Bahuara is a village in Kamsaar in the Indian state of Uttar Pradesh. Bahuara is a village with a population of almost 5000. It is surrounded by others Kamsar villages. Bahuara is well connected with the town of Dildarnagar which is hardly 2-3 kilometres away from the village.
People of Bahuara are scattered throughout the world. Ancestrally, the people of bahuara have been a land-owning (Zamindar) community divided into two colonies Westside & Eastside. Neighbouring villages are Rakhsaha, Dildarnagar, and others.

==History==

Image of the Eid gah build by Zamindar Naseer Khan in year 1600.

Bahuwara village was founded by Zamindar Naseer khan in 1590 AD, who was a grand son of Narhar khan founder of Dildarnagar kamsar. Naseer Khan had two sons who established West side and East Side in the village. Later their family established some hamlets and Muhallahs in and near the village.
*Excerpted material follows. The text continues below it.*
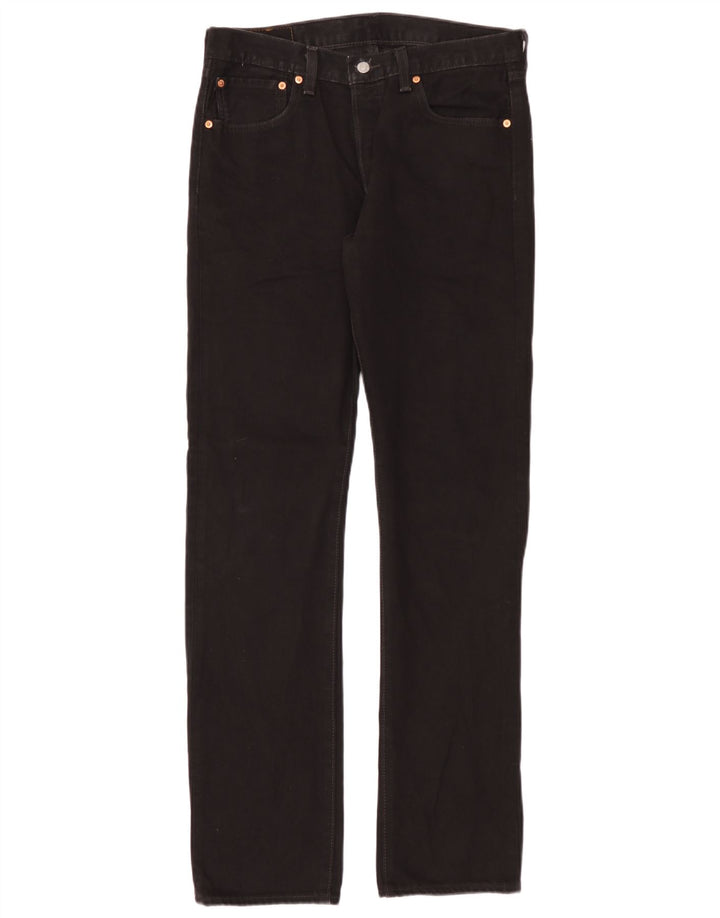 Мужские прямые джинсы Levi's 501 W31 L34, черный хлопок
When Naseer Khan established the village he also build a Eid Gah in the village in 1600. Later his descendants made one more Eid Gah in the village known as Qasmi Eid gah. Know the Eid Gah made by Zamindar Naseer Khan is known as Purana Eid Gah.

== Agriculture ==

Image of a farm in Bahuwara.

In terms of agriculture, Bahuara stands on a good position. The soil of the village is full of minerals. Most of the families in the village belong to zamindar community. People are doing farming in the village for more than three hundred years and are very much skild. The total area of that village is 634.94 acres out of which nearly 600 acres of land is crop production area of the village. Crops which grow in Gazipur district are grown in the village. The village machinery like tractors and combine harvesters are used for farming. Mostly mustard, wheat, rice farming is done in the village. Rice is one of the main crops in the region. Rice farming is done two times in a year, if the rainfall is good then it is done three times.